**Problem details**:
State the number of lines in the material below that contain the word "Building", without any other text.
———
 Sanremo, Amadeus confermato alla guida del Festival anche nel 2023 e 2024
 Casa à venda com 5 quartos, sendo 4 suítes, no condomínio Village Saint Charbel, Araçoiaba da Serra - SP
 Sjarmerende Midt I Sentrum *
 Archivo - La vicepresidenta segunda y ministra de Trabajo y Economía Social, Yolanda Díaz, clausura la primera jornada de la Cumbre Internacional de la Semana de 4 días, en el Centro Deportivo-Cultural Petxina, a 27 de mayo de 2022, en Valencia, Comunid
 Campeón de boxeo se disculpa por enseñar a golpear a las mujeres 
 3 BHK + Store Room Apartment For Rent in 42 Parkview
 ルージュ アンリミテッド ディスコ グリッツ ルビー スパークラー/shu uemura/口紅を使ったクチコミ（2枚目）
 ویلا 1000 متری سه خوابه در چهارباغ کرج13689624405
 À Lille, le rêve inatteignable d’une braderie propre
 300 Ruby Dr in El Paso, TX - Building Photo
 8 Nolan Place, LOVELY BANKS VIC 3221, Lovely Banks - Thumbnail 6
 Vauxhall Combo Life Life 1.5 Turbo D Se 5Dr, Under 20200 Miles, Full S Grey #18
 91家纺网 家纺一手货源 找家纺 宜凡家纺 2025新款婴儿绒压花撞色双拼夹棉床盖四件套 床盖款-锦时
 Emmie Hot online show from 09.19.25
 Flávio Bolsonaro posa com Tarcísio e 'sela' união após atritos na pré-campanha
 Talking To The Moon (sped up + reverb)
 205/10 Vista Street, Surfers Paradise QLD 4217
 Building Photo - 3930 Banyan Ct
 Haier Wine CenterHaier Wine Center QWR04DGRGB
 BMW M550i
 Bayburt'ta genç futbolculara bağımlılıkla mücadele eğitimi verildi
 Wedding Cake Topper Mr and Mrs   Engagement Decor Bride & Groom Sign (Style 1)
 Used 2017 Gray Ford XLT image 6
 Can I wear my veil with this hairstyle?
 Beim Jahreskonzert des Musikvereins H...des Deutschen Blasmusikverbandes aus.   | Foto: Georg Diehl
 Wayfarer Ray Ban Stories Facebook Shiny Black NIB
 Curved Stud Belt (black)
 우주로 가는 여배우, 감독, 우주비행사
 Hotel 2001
———
**Expected output**:
2